Masih menurut sumber yang sama, dari segi penanganan perkara, kasus yang menjerat Teddy Minahasa merupakan case building yang alami. Meski demikian, ada pula bumbu perang bintang di internal Polri dalam kasus tersebut.
Kelompok yang gerah dengan intensi Teddy menjadi Kapolri disebut menjadikan kasus ini sebagai cara untuk menjatuhkannya. Dugaan ini pernah muncul dalam lipsus kumparan bertajuk Perang Bintang. Teddy juga disebut terlalu percaya diri bahwa ia tidak akan disentuh.

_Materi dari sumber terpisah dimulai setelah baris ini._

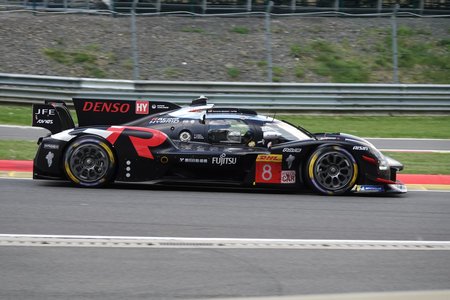 FIA World Endurance Championship 6 Hours of Spa-Francorhamp 2024 (event report) - picture number 018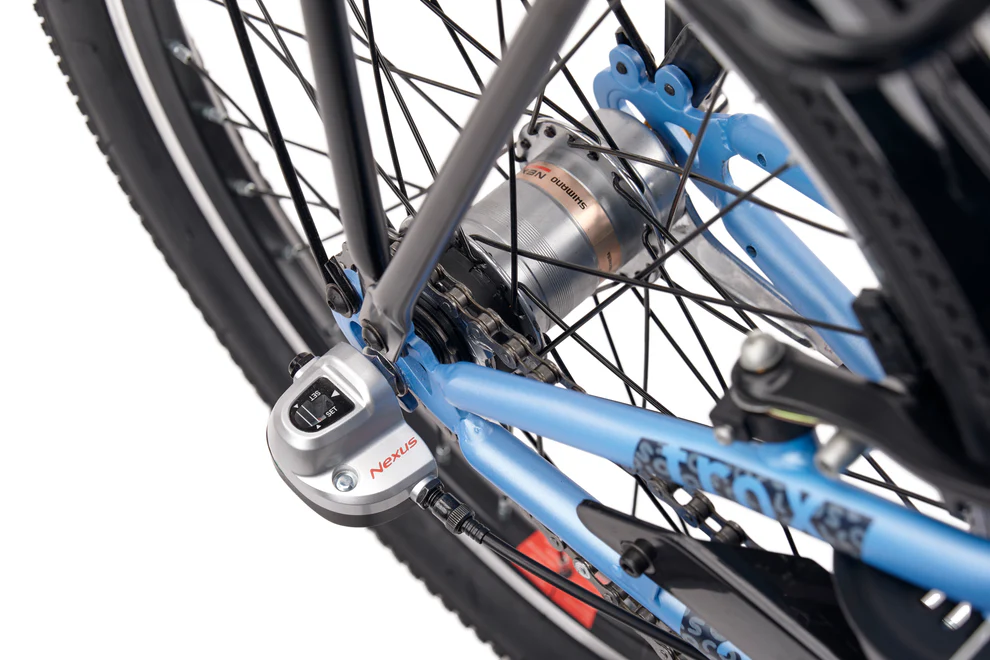 Scool troX 20 inch - Afbeelding 4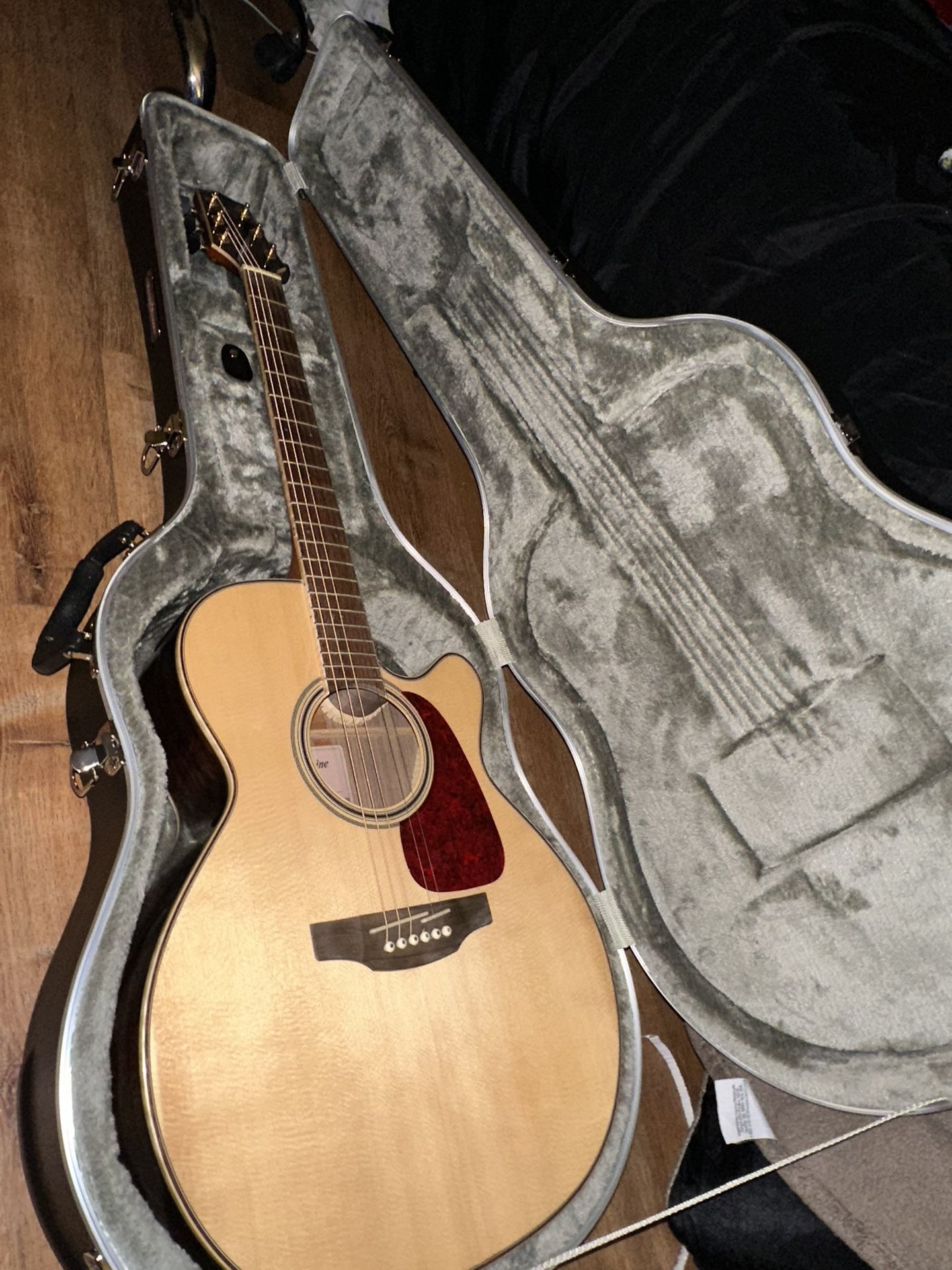 NEW Takamine GN93CE G Series NEX Cutaway Acoustic-Electric Guitar Natural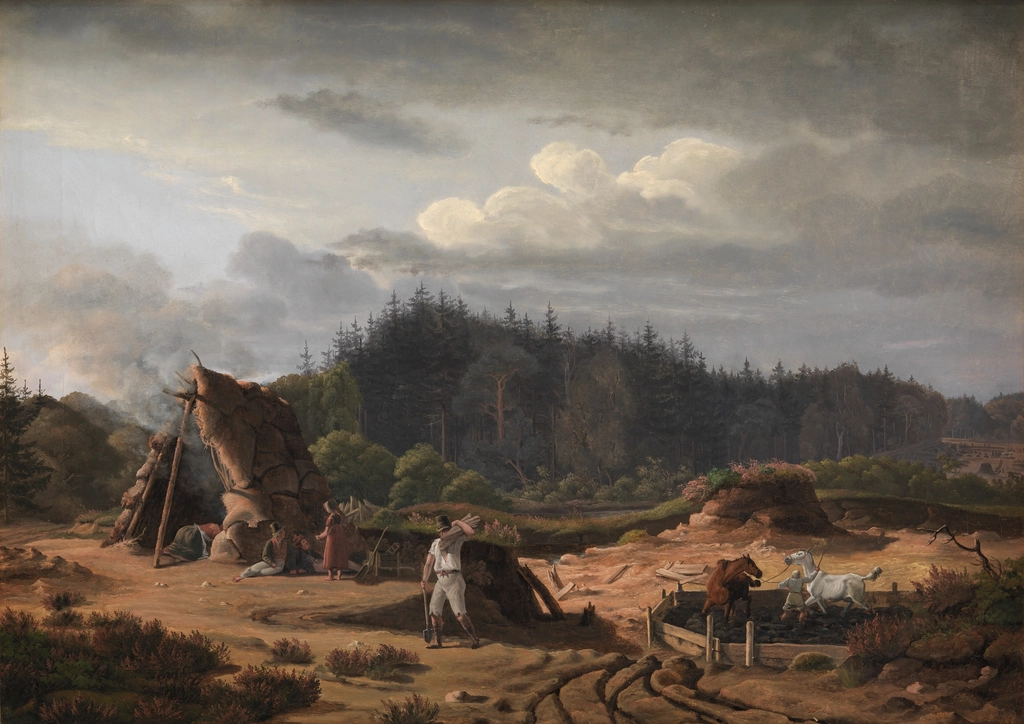 The Threats Facing Peat Bogs (image credits: rawpixel)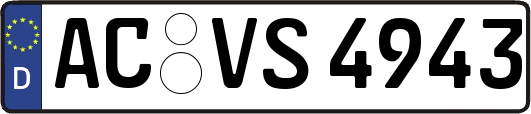 AC-VS4943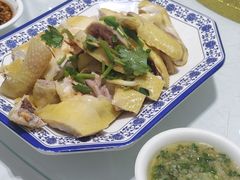 -新享乐海鲜(翠华路店)
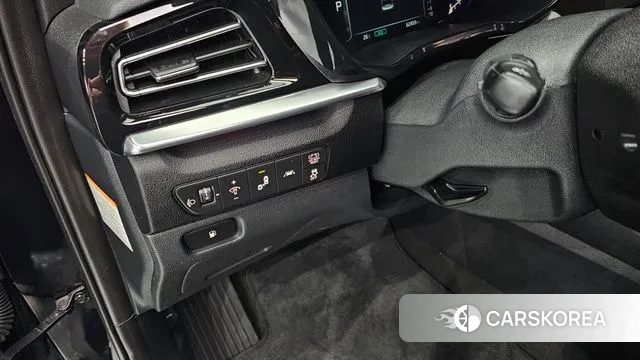 Kia The New Niro 2021 Синий из Кореи, фото 5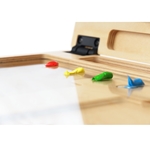 New Wave U.Go Plein Air Anywhere Clear Glass Palette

“TM terlalu over confidence, terlalu yakin tidak akan terseret,” kata sumber itu.
Komisioner Kompolnas, Albertus Wahyurudhanto, juga mengkhawatirkan berkembangnya isu perang bintang dampak dari kasus Teddy Minahasa. Walau demikian, Wahyu menilai penanganan kasus Teddy sudah berjalan sesuai koridor dan menjadi momentum bagi Kapolri Listyo Sigit untuk bersih-bersih internal.
“Untuk kepentingan organisasi menjadi tidak bagus ketika berkembang isu perang bintang. Kalau perang antar level pimpinan dalam rangka memperebutkan posisi puncak, itu saya kira wajar dan terjadi di semua organisasi. Tetapi menjadi negatif karena dikesankan bahwa perang ini kemudian menjurus kepada cara-cara yang tidak fair atau tidak transparan, dengan saling menjatuhkan persaingan. Ini harus diluruskan, ditindaklanjuti internal Polri,” tutup Wahyu.